Auch wenn die Preise der Luxusgüter sinken, steigen momentan die Reisepreise kräftig. Und da in Zeiten der Finanzkrise weniger Geld für die schönsten Tage im Urlaub vorhanden ist, sollten Sie folgende Tipps vor der nächsten Reisebuchung berücksichtigen.
Tipp1:
Sie sollten bei der Budgetrechnung nicht nur den Grundreisepreis, sondern auch die dazugehörigen Nebenkosten berücksichtigen. Denn die Ausgaben vor Ort übersteigen oft ein vielfaches des Reisepreises. Bei einem zweiwöchigen Urlaub können da schon einmal tausend Euro zusammen kommen. Denn was nützt Ihnen eine Verpflegung auf Halbpension, wenn Sie abends dreißig Euro für eine Flasche Wein zahlen. Generell gilt, dass Reisen nach Indien, Indonesien, Brasilien und Thailand ein niedriges Nebenkostenniveau haben.
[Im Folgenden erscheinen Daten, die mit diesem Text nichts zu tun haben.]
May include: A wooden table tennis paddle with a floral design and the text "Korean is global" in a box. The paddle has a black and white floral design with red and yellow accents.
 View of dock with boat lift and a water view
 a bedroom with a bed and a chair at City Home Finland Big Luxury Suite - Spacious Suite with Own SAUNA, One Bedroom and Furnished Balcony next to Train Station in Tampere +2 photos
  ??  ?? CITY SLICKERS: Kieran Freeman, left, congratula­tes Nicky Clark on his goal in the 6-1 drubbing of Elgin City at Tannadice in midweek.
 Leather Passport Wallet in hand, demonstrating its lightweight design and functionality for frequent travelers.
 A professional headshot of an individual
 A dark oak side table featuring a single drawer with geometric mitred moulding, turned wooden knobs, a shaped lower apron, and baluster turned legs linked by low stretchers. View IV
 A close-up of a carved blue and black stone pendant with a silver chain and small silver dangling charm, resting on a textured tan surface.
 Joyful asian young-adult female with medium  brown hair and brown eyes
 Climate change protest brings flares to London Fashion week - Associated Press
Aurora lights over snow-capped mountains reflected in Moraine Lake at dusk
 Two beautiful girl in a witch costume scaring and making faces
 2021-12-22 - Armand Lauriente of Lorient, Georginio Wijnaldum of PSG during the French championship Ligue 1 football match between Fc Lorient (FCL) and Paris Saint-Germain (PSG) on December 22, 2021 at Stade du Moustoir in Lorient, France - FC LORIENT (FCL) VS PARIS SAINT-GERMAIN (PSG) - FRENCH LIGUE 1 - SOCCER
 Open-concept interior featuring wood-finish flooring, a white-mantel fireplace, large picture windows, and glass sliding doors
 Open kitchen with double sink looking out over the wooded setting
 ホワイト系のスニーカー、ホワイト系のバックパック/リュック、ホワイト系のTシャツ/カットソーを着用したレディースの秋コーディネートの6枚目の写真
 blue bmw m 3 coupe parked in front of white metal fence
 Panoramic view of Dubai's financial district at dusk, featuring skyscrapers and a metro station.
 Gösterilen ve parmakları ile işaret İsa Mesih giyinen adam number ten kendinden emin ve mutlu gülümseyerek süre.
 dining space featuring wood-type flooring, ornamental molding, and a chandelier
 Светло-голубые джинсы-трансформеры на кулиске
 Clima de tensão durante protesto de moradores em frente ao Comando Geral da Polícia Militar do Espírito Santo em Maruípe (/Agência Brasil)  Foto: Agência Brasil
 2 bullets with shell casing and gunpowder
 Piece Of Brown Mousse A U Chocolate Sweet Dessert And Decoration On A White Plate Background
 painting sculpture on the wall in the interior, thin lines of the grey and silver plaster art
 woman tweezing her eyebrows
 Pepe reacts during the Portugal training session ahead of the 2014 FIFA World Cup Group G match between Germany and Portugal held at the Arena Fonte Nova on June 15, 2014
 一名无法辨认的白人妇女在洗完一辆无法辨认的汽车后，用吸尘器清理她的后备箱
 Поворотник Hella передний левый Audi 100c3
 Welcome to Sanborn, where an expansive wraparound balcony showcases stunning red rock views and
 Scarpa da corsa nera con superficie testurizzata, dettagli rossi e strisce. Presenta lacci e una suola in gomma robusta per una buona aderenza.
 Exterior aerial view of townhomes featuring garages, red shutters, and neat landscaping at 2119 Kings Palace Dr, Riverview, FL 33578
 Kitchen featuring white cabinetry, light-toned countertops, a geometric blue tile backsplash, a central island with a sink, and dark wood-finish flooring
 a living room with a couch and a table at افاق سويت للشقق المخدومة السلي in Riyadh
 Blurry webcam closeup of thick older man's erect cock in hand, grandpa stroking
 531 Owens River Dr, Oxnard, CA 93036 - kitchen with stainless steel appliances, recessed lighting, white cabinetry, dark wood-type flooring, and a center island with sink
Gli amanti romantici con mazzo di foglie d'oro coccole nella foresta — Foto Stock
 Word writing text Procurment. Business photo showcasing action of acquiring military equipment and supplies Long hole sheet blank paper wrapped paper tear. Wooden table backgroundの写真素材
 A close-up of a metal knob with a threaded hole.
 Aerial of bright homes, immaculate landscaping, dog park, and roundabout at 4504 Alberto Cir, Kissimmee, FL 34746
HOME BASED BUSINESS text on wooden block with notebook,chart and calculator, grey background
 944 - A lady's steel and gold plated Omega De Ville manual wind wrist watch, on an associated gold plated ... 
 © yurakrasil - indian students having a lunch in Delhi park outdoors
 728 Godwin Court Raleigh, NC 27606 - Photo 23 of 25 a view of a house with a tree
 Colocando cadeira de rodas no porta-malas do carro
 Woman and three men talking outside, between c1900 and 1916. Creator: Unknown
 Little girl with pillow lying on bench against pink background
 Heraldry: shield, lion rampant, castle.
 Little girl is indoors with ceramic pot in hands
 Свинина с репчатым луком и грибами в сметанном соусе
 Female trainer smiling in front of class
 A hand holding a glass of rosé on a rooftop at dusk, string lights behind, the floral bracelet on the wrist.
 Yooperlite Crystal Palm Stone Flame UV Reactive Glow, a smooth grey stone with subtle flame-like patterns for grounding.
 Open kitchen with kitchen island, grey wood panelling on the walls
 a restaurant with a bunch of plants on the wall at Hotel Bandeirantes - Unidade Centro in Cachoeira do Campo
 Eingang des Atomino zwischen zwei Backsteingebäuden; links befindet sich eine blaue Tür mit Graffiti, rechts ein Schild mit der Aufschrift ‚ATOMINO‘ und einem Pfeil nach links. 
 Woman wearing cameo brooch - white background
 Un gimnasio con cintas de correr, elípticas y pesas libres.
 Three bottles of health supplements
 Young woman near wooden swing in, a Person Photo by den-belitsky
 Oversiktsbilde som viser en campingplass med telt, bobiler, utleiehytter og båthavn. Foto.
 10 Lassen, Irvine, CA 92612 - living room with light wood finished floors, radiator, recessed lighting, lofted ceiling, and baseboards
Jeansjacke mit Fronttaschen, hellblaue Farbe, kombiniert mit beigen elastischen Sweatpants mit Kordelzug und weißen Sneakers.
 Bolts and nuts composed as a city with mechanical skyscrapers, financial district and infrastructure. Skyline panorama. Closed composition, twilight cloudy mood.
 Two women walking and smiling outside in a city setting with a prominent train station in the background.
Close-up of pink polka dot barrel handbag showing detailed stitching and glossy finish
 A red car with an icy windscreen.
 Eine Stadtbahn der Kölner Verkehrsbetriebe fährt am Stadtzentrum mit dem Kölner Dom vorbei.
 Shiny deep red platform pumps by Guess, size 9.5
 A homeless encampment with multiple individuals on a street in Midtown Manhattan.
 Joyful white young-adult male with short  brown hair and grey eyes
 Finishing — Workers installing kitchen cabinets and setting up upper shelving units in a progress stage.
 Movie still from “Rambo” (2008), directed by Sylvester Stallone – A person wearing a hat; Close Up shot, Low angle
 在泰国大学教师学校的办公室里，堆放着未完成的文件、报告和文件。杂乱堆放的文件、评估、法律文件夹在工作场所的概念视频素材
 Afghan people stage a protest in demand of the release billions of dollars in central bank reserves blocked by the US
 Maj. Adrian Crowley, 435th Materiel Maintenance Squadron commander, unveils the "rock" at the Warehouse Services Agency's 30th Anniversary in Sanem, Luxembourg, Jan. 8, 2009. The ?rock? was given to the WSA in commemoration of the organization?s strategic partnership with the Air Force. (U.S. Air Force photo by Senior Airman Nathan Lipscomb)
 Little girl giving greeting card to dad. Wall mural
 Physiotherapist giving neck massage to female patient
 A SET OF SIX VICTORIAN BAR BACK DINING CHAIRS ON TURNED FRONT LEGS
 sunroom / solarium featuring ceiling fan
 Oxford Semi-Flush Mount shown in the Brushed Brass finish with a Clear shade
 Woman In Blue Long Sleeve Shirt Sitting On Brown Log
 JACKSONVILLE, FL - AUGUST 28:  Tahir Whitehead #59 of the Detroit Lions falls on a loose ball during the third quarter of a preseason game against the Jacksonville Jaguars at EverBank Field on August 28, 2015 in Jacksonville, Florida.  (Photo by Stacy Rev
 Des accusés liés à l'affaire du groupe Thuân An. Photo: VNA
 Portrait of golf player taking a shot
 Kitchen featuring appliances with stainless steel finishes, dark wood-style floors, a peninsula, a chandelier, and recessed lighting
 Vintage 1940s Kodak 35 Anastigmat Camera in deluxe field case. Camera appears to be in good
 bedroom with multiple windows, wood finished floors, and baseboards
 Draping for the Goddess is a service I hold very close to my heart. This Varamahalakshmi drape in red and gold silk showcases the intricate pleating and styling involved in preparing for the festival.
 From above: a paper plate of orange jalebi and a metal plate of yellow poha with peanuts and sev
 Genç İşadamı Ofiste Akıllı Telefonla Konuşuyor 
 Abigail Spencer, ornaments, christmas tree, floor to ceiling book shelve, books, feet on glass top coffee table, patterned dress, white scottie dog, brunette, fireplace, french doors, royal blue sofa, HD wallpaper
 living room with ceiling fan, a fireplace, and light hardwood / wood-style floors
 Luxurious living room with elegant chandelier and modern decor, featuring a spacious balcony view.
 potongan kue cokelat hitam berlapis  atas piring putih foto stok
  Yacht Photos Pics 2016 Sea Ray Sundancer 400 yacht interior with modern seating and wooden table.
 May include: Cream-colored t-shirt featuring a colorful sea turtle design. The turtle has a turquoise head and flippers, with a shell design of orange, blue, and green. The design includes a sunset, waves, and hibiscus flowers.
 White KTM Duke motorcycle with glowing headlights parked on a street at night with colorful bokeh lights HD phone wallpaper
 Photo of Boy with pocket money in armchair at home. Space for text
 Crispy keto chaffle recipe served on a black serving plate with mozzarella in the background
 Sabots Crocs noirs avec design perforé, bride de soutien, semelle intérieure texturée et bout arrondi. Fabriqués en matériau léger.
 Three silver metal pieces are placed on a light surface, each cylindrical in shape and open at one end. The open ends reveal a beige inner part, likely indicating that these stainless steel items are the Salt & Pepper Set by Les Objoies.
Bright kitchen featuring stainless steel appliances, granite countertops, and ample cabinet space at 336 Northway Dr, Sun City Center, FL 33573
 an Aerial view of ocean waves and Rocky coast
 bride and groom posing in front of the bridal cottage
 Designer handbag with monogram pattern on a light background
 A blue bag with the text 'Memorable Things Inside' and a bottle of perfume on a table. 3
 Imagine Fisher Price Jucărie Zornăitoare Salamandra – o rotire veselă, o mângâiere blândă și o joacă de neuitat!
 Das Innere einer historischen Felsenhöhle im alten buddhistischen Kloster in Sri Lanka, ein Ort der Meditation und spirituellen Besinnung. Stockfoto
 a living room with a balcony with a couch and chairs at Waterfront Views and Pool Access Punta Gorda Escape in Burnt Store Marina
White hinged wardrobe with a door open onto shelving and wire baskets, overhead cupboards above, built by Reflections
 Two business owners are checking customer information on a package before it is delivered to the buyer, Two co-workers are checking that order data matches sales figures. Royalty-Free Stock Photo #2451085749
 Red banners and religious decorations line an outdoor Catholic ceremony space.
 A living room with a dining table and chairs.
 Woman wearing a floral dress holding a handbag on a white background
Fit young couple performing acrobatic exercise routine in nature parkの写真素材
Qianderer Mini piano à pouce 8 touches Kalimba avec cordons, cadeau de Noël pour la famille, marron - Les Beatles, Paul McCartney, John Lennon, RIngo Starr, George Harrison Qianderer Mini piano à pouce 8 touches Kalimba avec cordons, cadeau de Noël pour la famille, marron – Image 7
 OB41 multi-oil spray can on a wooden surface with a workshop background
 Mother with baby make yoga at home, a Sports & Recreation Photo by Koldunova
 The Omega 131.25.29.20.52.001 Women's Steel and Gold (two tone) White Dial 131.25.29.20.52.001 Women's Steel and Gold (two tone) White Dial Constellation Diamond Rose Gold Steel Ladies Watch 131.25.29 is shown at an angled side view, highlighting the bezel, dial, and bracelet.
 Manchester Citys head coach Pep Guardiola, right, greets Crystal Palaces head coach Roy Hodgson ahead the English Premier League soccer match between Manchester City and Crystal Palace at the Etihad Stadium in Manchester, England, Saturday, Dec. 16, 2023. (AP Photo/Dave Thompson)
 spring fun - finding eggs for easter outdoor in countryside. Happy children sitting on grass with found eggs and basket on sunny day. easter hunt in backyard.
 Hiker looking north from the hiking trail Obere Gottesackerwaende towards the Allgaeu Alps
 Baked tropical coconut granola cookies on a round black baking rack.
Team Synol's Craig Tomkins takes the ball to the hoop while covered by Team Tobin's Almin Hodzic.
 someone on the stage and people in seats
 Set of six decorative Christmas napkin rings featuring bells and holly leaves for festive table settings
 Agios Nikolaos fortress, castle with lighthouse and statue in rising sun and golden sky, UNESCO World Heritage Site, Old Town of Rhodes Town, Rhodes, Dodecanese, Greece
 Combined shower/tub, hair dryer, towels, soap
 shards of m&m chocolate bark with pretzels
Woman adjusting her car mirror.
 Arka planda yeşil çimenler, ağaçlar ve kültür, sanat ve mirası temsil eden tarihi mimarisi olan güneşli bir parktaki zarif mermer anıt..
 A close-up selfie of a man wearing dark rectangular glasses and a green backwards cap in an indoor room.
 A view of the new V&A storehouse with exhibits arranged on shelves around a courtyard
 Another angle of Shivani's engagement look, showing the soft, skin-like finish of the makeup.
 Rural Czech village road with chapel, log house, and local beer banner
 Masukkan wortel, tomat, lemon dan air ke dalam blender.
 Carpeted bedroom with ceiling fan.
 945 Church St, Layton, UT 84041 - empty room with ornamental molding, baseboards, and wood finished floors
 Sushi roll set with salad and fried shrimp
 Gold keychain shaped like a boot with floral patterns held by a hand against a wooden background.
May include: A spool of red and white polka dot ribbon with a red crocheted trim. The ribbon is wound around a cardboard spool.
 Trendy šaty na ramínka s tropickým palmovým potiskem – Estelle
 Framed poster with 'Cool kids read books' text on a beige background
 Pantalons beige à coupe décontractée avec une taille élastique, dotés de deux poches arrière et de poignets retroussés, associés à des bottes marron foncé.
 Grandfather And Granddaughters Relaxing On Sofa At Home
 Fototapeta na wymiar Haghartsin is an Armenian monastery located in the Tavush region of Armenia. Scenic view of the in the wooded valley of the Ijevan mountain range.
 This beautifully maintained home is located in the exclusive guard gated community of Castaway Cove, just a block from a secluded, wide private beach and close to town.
Im Gegensatz dazu ist das Preisniveau in der Karibik, Nordamerika und Südeuropa oftmals sehr hoch.
Tipp2:
Vergleichen Sie die Reiseangebote. Es kann nämlich sein, dass das selbe oder ein vergleichbares Hotel in dem gleichen Urlaubsort günstiger bei einem anderen Reiseveranstalter zu bekommen ist.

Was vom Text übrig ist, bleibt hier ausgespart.